Ainsi, pour Christoph Pitzler, Ferdinand Bonaventure de Harrach ou Lambert Friedrich Corfey, le décor de miroirs est apprécié car il permet à la galerie d’être véritablement un lieu de promenade propice au divertissement et à l’évasion par les vues qu’il permet. De plus, ce décor met particulièrement en valeur les objets précieux disposés sur les tables placées devant les glaces.

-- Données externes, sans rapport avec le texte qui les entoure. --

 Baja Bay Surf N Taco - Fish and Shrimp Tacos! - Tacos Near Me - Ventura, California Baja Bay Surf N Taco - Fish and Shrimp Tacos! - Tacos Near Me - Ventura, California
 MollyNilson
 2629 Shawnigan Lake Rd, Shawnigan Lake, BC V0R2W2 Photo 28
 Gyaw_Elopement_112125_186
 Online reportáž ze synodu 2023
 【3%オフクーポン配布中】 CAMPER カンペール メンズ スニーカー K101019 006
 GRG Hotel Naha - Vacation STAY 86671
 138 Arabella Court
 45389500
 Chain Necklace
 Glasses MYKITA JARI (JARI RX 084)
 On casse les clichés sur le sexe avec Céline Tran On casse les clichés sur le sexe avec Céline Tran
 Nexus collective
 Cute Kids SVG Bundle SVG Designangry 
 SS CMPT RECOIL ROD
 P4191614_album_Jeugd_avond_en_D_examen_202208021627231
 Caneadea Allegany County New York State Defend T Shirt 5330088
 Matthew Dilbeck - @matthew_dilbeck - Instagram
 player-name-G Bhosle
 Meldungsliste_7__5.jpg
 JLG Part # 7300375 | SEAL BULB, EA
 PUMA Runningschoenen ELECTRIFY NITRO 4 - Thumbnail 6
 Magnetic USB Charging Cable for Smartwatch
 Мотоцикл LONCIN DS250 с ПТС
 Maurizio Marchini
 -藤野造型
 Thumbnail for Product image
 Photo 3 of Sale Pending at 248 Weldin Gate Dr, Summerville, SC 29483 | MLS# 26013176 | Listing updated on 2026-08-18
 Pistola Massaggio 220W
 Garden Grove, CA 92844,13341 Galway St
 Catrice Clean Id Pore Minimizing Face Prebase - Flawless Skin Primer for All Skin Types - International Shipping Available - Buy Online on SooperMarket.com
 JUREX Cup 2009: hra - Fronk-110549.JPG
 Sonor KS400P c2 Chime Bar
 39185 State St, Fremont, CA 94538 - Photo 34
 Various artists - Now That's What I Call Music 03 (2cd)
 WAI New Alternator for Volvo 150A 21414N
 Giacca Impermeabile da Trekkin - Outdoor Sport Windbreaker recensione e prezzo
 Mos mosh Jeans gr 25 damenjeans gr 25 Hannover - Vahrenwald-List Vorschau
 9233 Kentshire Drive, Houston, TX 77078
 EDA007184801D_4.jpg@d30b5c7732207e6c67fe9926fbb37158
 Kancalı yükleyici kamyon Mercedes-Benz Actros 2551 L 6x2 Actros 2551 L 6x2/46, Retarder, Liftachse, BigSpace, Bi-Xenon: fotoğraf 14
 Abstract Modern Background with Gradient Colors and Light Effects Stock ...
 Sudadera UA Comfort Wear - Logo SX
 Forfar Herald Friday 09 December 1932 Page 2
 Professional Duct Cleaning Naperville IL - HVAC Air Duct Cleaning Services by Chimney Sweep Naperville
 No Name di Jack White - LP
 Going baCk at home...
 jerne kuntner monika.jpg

Au contraire, chez Knesebeck, le décor mural de la Grande Galerie ne laisse pas assez de place à la peinture et à la sculpture. Il regrette ainsi le peu de niches pour l’exposition de statues et critique l’absence de tableaux sur les murs entre les fenêtres ou encore la taille des salons qui jouxtent la galerie. Il revendique davantage la fonction de présentation d’œuvres d’art que devrait revêtir, de son point de vue, la Grande Galerie du roi. La solution consistant à utiliser des miroirs pour créer des ouvertures fictives à des fins illusionnistes n’est guère appréciée de Knesebeck qui, comme on l’a vu, abandonne le décor de glaces dans son projet d’amélioration de la Grande Galerie.
Très détaillé, son projet est particulièrement révélateur de l’importance, pour le voyageur allemand, du dialogue entre les arts et de la place des collections dans la conception d’une galerie d’apparat.